The answer should consist of all the records, copied exactly.

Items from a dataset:
=== Begin Enclosure ===

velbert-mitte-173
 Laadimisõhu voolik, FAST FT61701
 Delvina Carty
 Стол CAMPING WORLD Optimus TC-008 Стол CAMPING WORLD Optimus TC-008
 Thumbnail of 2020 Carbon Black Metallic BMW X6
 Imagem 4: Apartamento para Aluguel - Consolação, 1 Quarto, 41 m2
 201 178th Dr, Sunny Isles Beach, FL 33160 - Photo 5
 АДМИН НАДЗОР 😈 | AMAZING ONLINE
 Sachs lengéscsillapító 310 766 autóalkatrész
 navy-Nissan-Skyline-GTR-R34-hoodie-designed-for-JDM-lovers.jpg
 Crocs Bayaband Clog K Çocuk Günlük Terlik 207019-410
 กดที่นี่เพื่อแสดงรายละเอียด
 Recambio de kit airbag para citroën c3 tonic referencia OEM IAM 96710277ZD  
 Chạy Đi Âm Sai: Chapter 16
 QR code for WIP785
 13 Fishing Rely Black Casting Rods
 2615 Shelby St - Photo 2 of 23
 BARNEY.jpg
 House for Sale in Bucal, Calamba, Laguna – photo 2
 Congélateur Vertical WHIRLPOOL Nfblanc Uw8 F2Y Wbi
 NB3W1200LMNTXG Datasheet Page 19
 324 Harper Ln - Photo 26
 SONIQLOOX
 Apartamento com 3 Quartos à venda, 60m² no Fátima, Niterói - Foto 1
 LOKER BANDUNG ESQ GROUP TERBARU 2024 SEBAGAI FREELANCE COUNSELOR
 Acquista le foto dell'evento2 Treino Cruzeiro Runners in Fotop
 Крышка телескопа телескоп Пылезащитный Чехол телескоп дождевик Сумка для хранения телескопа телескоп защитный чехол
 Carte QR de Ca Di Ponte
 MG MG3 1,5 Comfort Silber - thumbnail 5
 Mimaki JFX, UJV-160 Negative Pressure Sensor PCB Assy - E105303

=== End Enclosure ===

» Task answer
velbert-mitte-173
 Laadimisõhu voolik, FAST FT61701
 Delvina Carty
 Стол CAMPING WORLD Optimus TC-008 Стол CAMPING WORLD Optimus TC-008
 Thumbnail of 2020 Carbon Black Metallic BMW X6
 Imagem 4: Apartamento para Aluguel - Consolação, 1 Quarto, 41 m2
 201 178th Dr, Sunny Isles Beach, FL 33160 - Photo 5
 АДМИН НАДЗОР 😈 | AMAZING ONLINE
 Sachs lengéscsillapító 310 766 autóalkatrész
 navy-Nissan-Skyline-GTR-R34-hoodie-designed-for-JDM-lovers.jpg
 Crocs Bayaband Clog K Çocuk Günlük Terlik 207019-410
 กดที่นี่เพื่อแสดงรายละเอียด
 Recambio de kit airbag para citroën c3 tonic referencia OEM IAM 96710277ZD  
 Chạy Đi Âm Sai: Chapter 16
 QR code for WIP785
 13 Fishing Rely Black Casting Rods
 2615 Shelby St - Photo 2 of 23
 BARNEY.jpg
 House for Sale in Bucal, Calamba, Laguna – photo 2
 Congélateur Vertical WHIRLPOOL Nfblanc Uw8 F2Y Wbi
 NB3W1200LMNTXG Datasheet Page 19
 324 Harper Ln - Photo 26
 SONIQLOOX
 Apartamento com 3 Quartos à venda, 60m² no Fátima, Niterói - Foto 1
 LOKER BANDUNG ESQ GROUP TERBARU 2024 SEBAGAI FREELANCE COUNSELOR
 Acquista le foto dell'evento2 Treino Cruzeiro Runners in Fotop
 Крышка телескопа телескоп Пылезащитный Чехол телескоп дождевик Сумка для хранения телескопа телескоп защитный чехол
 Carte QR de Ca Di Ponte
 MG MG3 1,5 Comfort Silber - thumbnail 5
 Mimaki JFX, UJV-160 Negative Pressure Sensor PCB Assy - E105303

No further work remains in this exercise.